Excerpted records:
::::::::
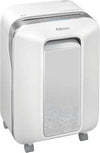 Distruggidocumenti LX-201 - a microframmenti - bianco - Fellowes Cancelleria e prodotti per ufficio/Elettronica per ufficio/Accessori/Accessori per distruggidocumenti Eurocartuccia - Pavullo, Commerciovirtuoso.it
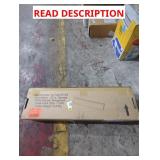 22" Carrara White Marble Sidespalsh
::::::::
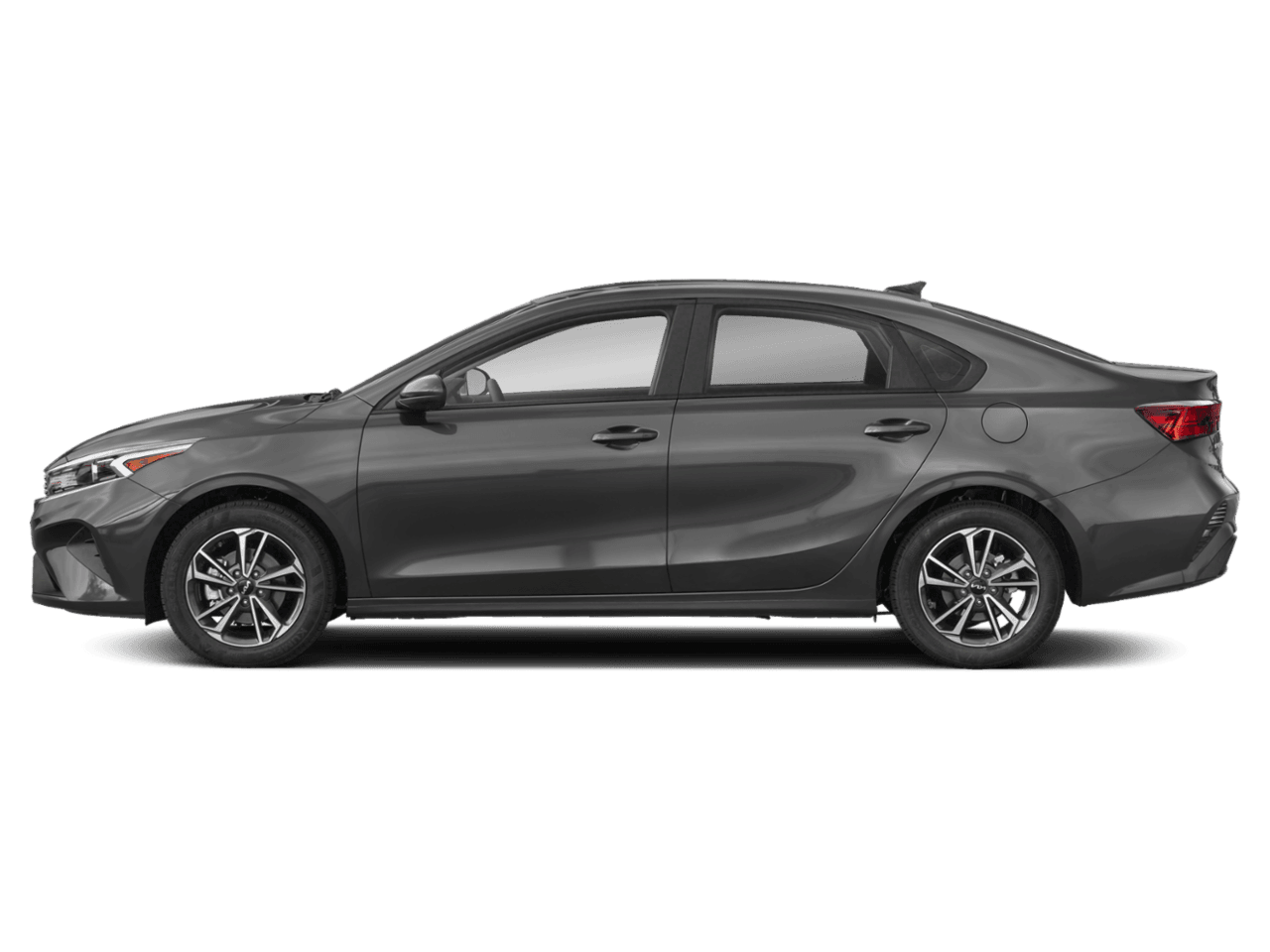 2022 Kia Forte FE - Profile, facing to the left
::::::::
Requirement: Print nothing except the lines above from the one containing "Distruggidocumenti LX-201 - a" down to the one containing "White Marble Sidespalsh", both included, exactly as written and free of pictures.

Exercise result:
 Distruggidocumenti LX-201 - a microframmenti - bianco - Fellowes Cancelleria e prodotti per ufficio/Elettronica per ufficio/Accessori/Accessori per distruggidocumenti Eurocartuccia - Pavullo, Commerciovirtuoso.it
 22" Carrara White Marble Sidespalsh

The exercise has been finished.